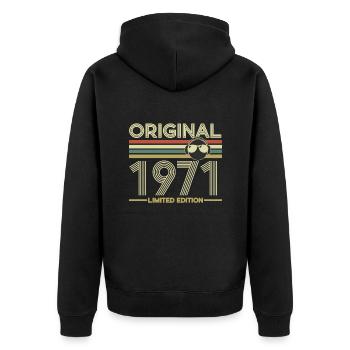 1971 - Unisex Premium Bio Zip Hoodie - Schwarz - Hinten - Nico (187cm)
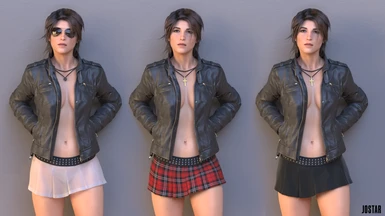 Lara Shirtless Leather Jacket and Mini Skirt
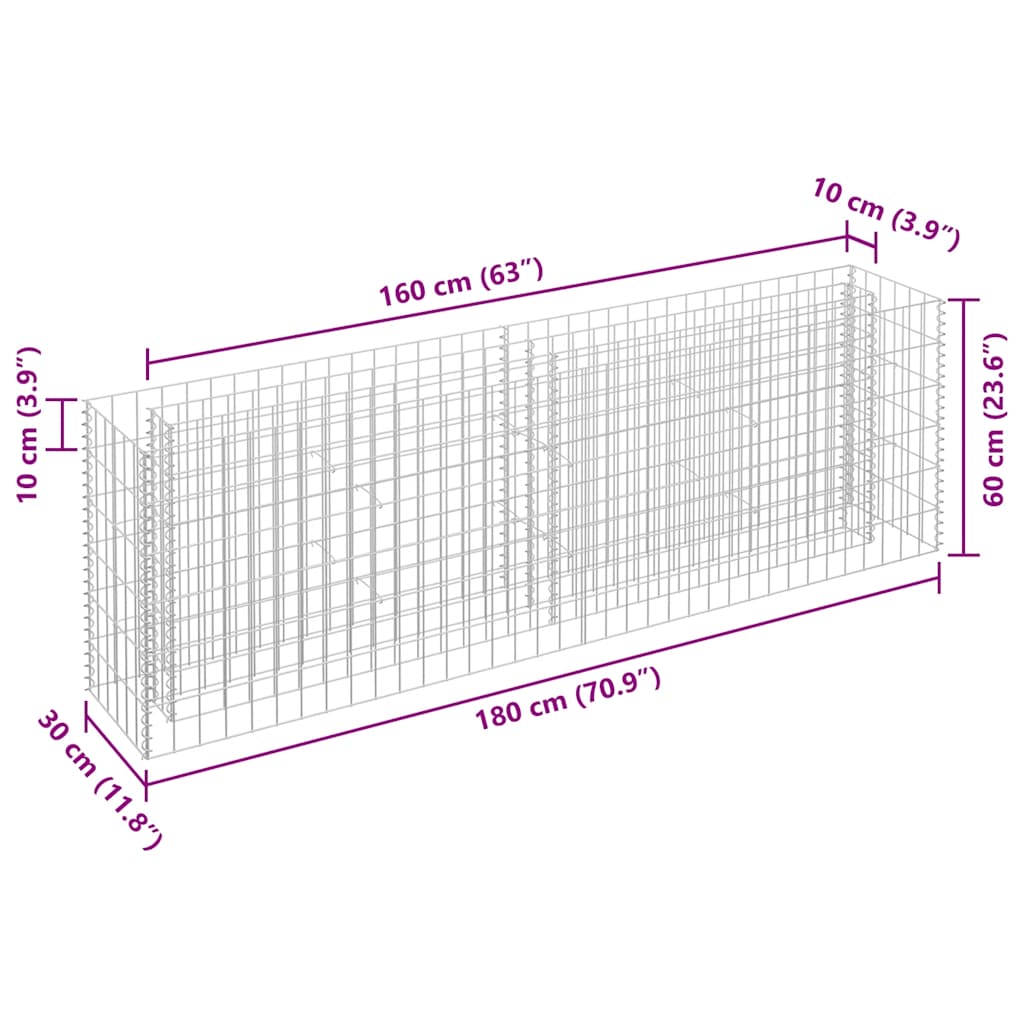 Gabion Raised Bed Galvanised Steel 180x30x60 cm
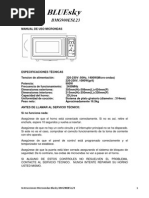 Download Instrucciones en Espaol Microondas Blue Sky BMG900ESL23 by Francisco Vergara Cabello SN289265777 doc pdf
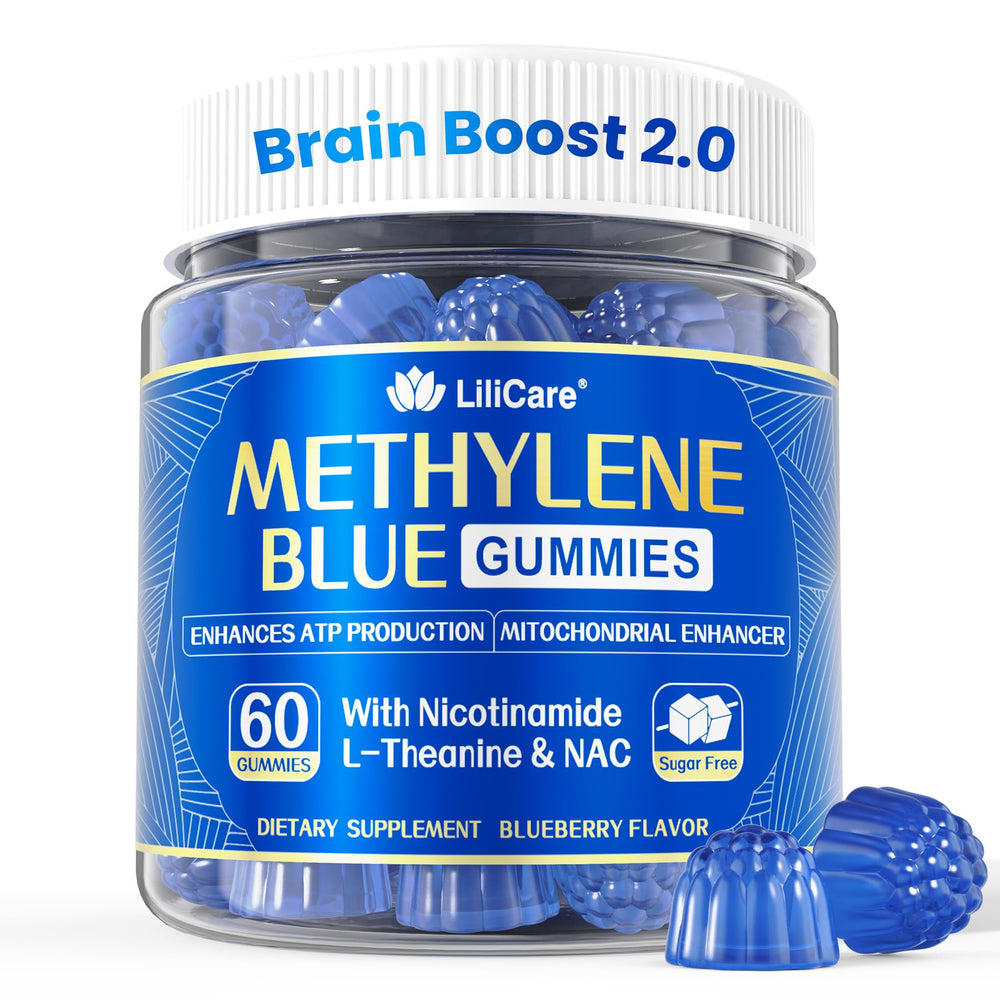 LILICARE Methylene Blue Gummies bottle on desk promoting focused energy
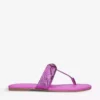 KURT GEIGER LONDON Kensington T-bar Leather Sandals For Womens Fuchsia -KURT GEIGERLONDON Sales unnamed file 1295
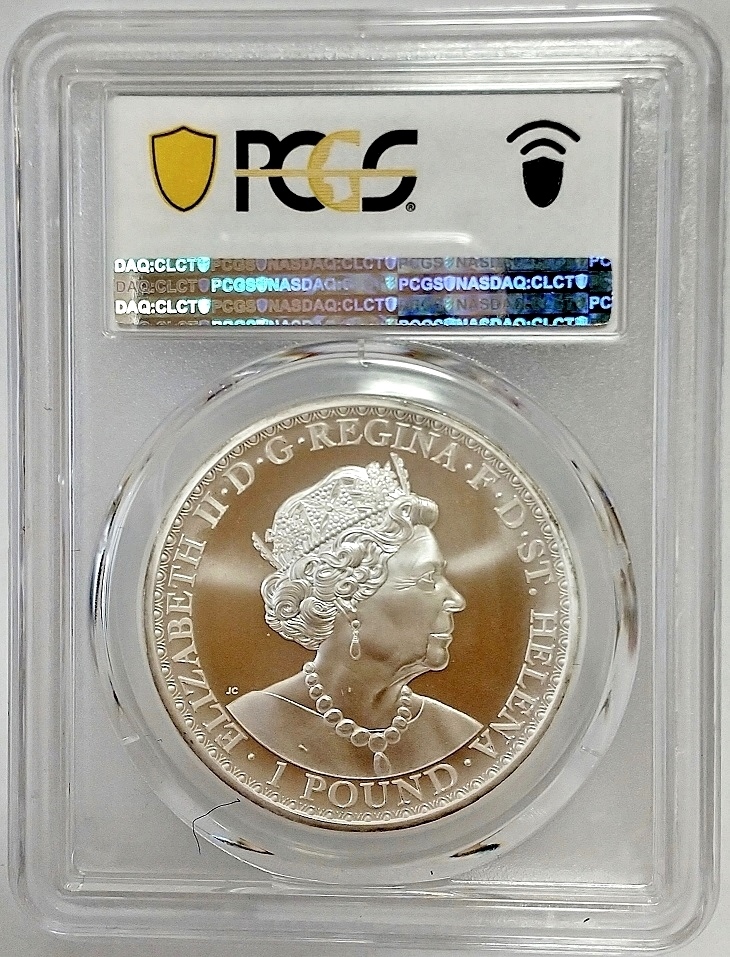 1円スタート★PCGS MS67 2020年 セントヘレナ ウナとライオン 1オンス 1ポンド 銀貨 BU イギリス 東インド社 ウナライオン 1oz Silver_画像2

++++++

- GOAL OF THE EXERCISE: Your output should be the full set of entries above, restated word for word and free of pictures.

- THE ANSWER:
 1971 - Unisex Premium Bio Zip Hoodie - Schwarz - Hinten - Nico (187cm)
 Lara Shirtless Leather Jacket and Mini Skirt
 Gabion Raised Bed Galvanised Steel 180x30x60 cm
 Download Instrucciones en Espaol Microondas Blue Sky BMG900ESL23 by Francisco Vergara Cabello SN289265777 doc pdf
 LILICARE Methylene Blue Gummies bottle on desk promoting focused energy
 KURT GEIGER LONDON Kensington T-bar Leather Sandals For Womens Fuchsia -KURT GEIGERLONDON Sales unnamed file 1295
 1円スタート★PCGS MS67 2020年 セントヘレナ ウナとライオン 1オンス 1ポンド 銀貨 BU イギリス 東インド社 ウナライオン 1oz Silver_画像2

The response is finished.